Does anyone have any suggestions of how this behaviour could be changed/helped? To teach our new one that this isn't ok.


----------



## Khecha Wacipi (Oct 10, 2021)

This dog is very, very new to your home. He has no idea why he is there, doesn't know or understand where he is exactly and has no idea if this is temporary or not. He is probably anxious. He needs a lot of time, space, and patience.

You need to keep the dogs separated unless you are there with them. Keep one or both on a leash when they are together, and do not ever encourage interaction between them. Just allow them to be in the same place, but not close enough to each other to set off any kind of reaction. It will help if there are two people and you can give both dogs treats when they are in the same room and being quiet. Make sure all times they are in the same room and quiet and calm and positively reinforced with treats and calm upbeat praise. 

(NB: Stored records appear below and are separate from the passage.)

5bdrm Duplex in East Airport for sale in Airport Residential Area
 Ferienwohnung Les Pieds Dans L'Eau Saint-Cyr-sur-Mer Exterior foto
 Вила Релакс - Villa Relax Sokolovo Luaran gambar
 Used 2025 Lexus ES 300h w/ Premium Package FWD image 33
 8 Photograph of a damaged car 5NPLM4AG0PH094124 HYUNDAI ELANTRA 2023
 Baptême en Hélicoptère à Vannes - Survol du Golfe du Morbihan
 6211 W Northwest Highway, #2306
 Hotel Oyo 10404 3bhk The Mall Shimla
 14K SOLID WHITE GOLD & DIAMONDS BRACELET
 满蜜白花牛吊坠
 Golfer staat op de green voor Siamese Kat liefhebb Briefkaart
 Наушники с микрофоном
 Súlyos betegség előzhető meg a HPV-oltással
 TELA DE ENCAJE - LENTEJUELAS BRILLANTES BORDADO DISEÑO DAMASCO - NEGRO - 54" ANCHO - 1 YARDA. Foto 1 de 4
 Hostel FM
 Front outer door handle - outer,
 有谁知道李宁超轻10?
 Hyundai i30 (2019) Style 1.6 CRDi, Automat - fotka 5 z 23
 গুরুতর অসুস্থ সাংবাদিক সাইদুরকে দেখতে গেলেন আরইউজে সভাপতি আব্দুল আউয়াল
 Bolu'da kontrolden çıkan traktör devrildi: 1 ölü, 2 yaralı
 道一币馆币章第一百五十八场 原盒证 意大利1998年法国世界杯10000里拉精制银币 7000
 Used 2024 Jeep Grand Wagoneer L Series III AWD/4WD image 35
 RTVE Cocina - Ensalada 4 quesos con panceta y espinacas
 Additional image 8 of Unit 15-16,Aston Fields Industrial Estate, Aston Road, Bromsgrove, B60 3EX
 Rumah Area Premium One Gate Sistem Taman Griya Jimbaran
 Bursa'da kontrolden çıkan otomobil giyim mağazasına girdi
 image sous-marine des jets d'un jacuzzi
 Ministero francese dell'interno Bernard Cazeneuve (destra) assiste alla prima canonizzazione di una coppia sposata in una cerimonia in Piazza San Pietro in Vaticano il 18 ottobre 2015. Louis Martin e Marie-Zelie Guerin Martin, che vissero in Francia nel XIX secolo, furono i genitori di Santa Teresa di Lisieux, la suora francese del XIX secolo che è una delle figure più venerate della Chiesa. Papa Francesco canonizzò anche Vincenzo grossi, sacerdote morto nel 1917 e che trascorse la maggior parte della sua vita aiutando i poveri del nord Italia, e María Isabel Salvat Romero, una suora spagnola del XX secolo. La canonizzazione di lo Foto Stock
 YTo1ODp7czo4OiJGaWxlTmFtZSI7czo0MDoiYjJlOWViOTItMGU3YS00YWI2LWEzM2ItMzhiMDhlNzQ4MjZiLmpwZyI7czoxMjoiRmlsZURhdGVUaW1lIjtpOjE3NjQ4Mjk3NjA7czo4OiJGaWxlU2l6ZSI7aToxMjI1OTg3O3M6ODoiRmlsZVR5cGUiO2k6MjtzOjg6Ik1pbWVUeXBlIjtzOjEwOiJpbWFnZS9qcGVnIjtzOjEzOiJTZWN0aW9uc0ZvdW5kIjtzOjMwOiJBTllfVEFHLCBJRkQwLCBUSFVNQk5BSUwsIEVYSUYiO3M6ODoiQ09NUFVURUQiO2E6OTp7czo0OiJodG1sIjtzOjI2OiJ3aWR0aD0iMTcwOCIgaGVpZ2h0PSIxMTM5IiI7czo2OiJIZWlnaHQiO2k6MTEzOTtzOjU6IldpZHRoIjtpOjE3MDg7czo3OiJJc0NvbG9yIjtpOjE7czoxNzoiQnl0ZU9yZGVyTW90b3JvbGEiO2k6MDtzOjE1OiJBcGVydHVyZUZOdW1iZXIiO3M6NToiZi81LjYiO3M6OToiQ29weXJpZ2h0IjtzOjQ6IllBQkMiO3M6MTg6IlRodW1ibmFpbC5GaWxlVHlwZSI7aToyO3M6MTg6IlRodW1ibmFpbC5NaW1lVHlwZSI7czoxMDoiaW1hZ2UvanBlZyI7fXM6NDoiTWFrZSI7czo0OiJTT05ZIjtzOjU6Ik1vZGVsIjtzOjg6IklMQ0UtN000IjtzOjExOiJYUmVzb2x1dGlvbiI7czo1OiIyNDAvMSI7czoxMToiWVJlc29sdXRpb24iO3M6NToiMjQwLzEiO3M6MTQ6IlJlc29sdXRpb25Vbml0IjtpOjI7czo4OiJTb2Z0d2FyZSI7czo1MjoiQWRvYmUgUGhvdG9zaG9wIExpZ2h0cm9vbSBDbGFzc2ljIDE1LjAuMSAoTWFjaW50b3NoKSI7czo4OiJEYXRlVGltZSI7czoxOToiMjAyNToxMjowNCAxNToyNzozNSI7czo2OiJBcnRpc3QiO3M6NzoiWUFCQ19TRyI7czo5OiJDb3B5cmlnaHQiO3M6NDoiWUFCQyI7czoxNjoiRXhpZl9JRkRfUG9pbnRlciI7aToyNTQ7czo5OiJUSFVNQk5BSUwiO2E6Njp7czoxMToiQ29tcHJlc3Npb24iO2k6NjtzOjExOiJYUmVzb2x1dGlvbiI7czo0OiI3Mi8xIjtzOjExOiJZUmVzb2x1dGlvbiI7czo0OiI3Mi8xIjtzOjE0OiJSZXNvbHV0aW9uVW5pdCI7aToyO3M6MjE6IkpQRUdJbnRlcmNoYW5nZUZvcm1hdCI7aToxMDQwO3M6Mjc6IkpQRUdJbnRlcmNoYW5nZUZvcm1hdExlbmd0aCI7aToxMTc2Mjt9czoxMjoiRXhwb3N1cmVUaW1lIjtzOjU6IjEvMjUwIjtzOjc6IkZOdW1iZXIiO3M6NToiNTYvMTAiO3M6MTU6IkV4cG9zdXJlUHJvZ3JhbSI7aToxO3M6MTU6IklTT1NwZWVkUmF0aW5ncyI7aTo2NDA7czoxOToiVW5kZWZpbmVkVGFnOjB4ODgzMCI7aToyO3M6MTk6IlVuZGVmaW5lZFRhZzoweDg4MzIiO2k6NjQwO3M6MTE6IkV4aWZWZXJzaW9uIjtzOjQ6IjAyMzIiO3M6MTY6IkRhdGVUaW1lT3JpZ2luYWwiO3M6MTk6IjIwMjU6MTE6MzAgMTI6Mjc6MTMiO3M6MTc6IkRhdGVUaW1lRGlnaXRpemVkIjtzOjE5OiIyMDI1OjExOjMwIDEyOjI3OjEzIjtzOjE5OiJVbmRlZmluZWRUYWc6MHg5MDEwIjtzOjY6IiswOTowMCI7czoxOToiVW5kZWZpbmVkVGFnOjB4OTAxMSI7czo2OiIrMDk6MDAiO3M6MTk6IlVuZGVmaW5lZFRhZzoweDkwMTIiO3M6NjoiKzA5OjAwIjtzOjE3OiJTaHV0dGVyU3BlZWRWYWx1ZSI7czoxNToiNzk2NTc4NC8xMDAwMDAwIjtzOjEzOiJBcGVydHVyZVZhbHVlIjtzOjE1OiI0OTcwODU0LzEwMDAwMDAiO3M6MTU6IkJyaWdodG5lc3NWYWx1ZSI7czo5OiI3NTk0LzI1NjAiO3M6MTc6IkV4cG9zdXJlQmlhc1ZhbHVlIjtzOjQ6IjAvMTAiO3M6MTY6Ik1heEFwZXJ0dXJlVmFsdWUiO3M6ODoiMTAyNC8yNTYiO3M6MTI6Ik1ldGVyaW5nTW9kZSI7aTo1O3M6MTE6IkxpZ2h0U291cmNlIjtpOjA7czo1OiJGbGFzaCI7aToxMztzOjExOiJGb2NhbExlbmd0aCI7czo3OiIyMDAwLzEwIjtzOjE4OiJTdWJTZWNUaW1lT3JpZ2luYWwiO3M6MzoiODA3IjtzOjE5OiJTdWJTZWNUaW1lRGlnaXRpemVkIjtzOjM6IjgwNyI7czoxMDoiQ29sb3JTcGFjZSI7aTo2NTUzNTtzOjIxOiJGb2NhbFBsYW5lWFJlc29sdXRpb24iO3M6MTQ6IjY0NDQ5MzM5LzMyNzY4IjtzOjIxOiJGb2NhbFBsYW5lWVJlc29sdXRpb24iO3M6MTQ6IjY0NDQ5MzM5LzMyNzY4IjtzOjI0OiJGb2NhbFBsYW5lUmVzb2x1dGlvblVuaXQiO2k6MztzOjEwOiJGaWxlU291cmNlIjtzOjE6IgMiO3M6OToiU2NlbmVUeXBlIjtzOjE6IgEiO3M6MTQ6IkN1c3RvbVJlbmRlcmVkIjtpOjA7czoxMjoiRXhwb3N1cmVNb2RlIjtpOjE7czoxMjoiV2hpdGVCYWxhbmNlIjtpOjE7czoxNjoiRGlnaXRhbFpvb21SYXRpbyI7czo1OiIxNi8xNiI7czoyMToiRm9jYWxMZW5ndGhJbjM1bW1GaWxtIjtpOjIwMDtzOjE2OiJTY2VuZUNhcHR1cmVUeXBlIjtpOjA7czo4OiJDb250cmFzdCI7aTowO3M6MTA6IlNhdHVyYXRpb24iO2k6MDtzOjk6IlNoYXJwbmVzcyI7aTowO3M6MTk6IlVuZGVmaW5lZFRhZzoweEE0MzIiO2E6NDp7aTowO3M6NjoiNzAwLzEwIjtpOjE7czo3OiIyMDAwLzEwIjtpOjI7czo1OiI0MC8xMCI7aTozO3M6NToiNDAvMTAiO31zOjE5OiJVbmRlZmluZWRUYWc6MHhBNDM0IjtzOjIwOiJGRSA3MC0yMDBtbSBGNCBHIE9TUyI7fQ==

this will take time and a lot of patience on your part. Don't correct the new dog or your old dog for any behavior they show towards each other, as that will teach the dog to have a negative reaction to the other dog. If one or the other looks anxious or unsure (ears back, turning face away, licking lips, etc.) or starts to growl then take one of them out of the room. You need to create an atmosphere where your new dog can relax, and that may be hindered by his not knowing where he fits into the household when the other dog is there, and feeling he needs to assert boundaries.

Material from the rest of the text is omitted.